普通ならそこで他のOBもそれに同意しそうなものだが、何故か二人共渋い顔。

加藤に至っては、
「今日から準備期間で生徒会も忙しいだろうし、無理せんでもいいぞ」
とまで言い出す始末。

ああ…錆兎ほどの人間がわざわざ推薦でいれるくらいの相手としては自分はあまりに駄目すぎるのだろう…と、そこで初めて世界の違いを感じて義勇は肩を落とすが、後ろで宇髄が小さく息を吐き出して、ぽん、と、義勇の肩を叩いた。

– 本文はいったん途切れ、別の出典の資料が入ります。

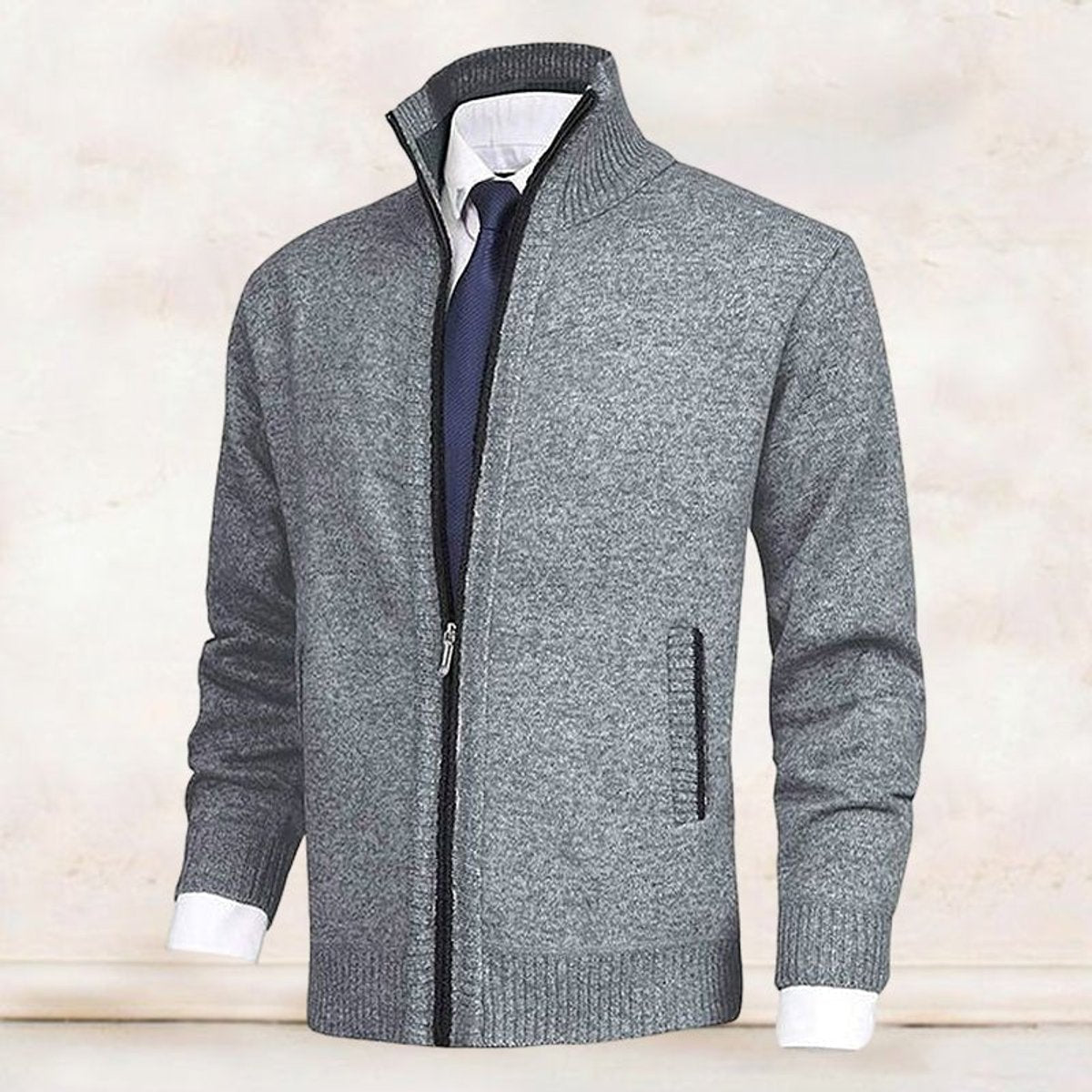 Noble Men's Zip-Up Cardigan | Fleece-Lined Knit, Stand Collar 5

「あ~、もうどうやったって東さんは言い出したら、会わせるまで帰らねえぞ。
すっげえ忙しいから少しだけな」
と、そのまま宇髄が義勇の背を押した。

錆兎がそんな宇髄をすごい目で睨んでいる。
そんなに迷惑だったのだろうか…と、義勇は泣きそうになるが、OB3人は、ほぉぉ~!と、声をあげる。

「職権思い切り使ってるなぁ。まあ、いい趣味してる」
と、にやにやと笑みを浮かべながら東が手を伸ばしてくるが、そこで宇髄が義勇の腕をぐいっとひいて

「お触りは禁止ですぜ?見るだけで」
と、にこにこと義勇を大柄な自分の後ろに隠した。

「お前…先輩にそれ言うか?」
と、笑みを浮かべつつも剣呑とした目で言う東だが、宇髄は全く引くことなく、

「その先輩諸兄から今年のミスコン、絶対に生徒会役員から候補者出して優勝しろなんて無茶振りされたんで、こいつはそのためのとっておきの隠し玉なんですって。
学祭当日までは万が一にでも小さな怪我1つもさせないように、役員全員でガード中なんで!」

「あぁ、なるほどな。
随分と綺麗な顔をしていると思えば、そういうことか。
ミスコンは海陽の伝統だからなぁ。
下手をすれば今期の生徒会の同学年の卒業後の就職にも響きかねんとなれば、神経質になっても仕方ない。
東も諦めろ。俺達よりもっと年配のお偉方に睨まれかねんぞ」
と、ハッハッハッと、加藤が豪快な様子で笑う。

「…まあ…懇意にしたければ、部活の後輩のところに行ったらどうだ?
そちらならかかっているのも部費くらいなものだし、先輩としてドカン!と寄付でもしてやれば、全く問題はないだろう」
と、それまでほとんど口を開かなかった井川までもが、そんなふうに言い出した。


そんなやりとりにきょとんとする義勇に、後ろから村田が

(東さんな、海陽出身者としてはまあ特別なこともないけど、一般的にはエリートと呼べる官僚でそれを鼻にかけて偉そうにするから、あちこちで毛嫌いされてんだよ。
で、更に言うと困った性癖があってな。
うちは厳しく女人禁制を守る男子校だから同性同士の付き合いにも寛容ではあるんだけどそれを超えたレベルで気に入った相手がいると手を出してくるんだ。
こうして何か機会があると、元テニス部OBの名目で顔を出しては後輩を物色するんで有名でさ。
錆兎がお前を見せんのすっげえ嫌がってたのもそのせい。
あの人も今秋に上司の娘との結婚が決まっていて、少しは落ち着くのかと言うのが周りの見解だったんだけどな…)
と、耳打ちしてくる。

なるほど。錆兎が自分の事を迷惑がっていたわけではなかったのか…と知って義勇はホッとした。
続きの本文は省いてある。